Right now deliveries are at or more, than a month out for the ones
I am familiar with..

Dan


----------



## mass_burner (Feb 12, 2014)

bought me a bag of legtronics this morning, gonna see what all the hoopla is 'bout.


----------



## mrjoshuanyc (Feb 12, 2014)

Im almost out and home depot/stove dealer is out until friday. Stove dealer is looking for 7.00 a bag. Im burning oil I guess. At 7.00 a bag, where is the bargain?  I went through 4 tons this season so I guess I saved. Fireside ultras were great.


----------



## mass_burner (Feb 12, 2014)

mrjoshuanyc said:


> Im almost out and home depot/stove dealer is out until friday. Stove dealer is looking for 7.00 a bag. Im burning oil I guess. At 7.00 a bag, where is the bargain?  I went through 4 tons this season so I guess I saved. Fireside ultras were great.


 

isn't the pellets still cheaper than oil? my buderus gun burns .45/gal per hour at 3.69/gal; if you get 12hrs from a bag, that's way worth it.


----------



## bayfeet (Feb 12, 2014)

mrjoshuanyc said:


> Im almost out and home depot/stove dealer is out until friday. Stove dealer is looking for 7.00 a bag. Im burning oil I guess. At 7.00 a bag, where is the bargain?  I went through 4 tons this season so I guess I saved. Fireside ultras were great.


I'm missing the fu's too.  Burned through. 4 tons.  Picked up some dry creek.  I think someone peed in the crick.  No heat, high ash!


----------



## richg (Feb 12, 2014)

This is nothing compared to the pellet panics of 2000-2001, post katrina and the spring/summer of 2008. Yup, there was a pellet panic in the spring and summer. Petroleum spiked to $145.00 per barrel and people were paying $500.00 per ton for pellets on Feebay. Check woodpellets.com; they may not be the cheapest, but they source from local stove shops, not big box stores, so they can usually supply product.
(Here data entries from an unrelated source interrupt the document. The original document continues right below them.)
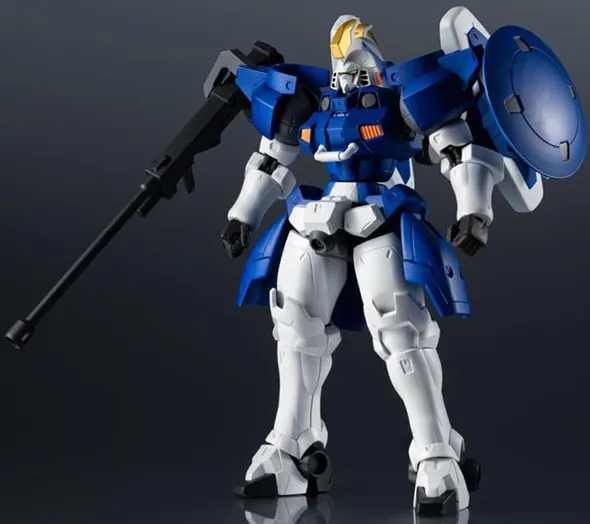 OZ-00MS2 Tallgeese II Gundam Universe | Mobile Suit Gundam Wing | Bandai Spirits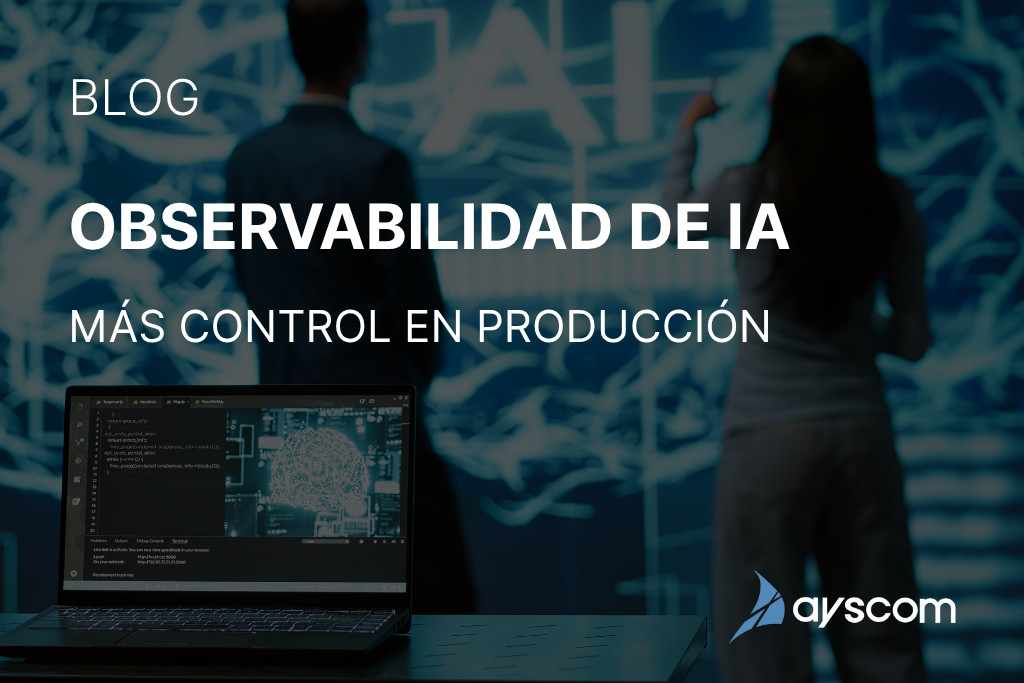 observabilidad de IA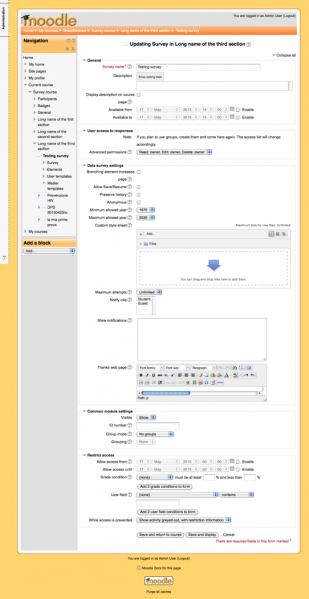 File:Surveypro settings page instance.png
I tell people that the best time to buy pellets is when you see them. Don't wait until fall or winter to buy because you will be subject to the vagaries of the market.


----------



## Hdhogger (Feb 12, 2014)

Called every HD and Lowes in N. Mass and S. NH all were out of pellets. Picked up a ton at a stove shop in Merrimack, NH this AM. Payed a little more but got'em. A trailer had just pulled in from Quebec when I got there and the owner of the store was just starting to unload. Put the first ton off in my truck.


----------



## camdids (Feb 12, 2014)

Hdhogger said:


> Called every HD and Lowes in N. Mass and S. NH all were out of pellets. Picked up a ton at a stove shop in Merrimack, NH this AM. Payed a little more but got'em. A trailer had just pulled in from Quebec when I got there and the owner of the store was just starting to unload. Put the first ton off in my truck.


 Nothing in any Big Box stores here. My Local Dealer is limiting 10 bags at a time.


----------



## Hdhogger (Feb 12, 2014)

camdids said:


> Nothing in any Big Box stores here. My Local Dealer is limiting 10 bags at a time.



Every store told me they had trucks coming in but they couldn't say when.


----------



## JoeS (Feb 12, 2014)

Now I understand why we have pellet pigs!


----------



## pell it (Feb 12, 2014)

Plenty of pellets at Big Y in CT!!

Ha ha ha


----------



## iceguy4 (Feb 12, 2014)

SwineFlue said:


> Happens every year:   the big box stores switch over to Spring gardening equipment by February (but the ground will be frozen solid till May).   They don't want to take up valuable floor space on any seasonal commodity that might not sell, so they cut back on the shipments/orders.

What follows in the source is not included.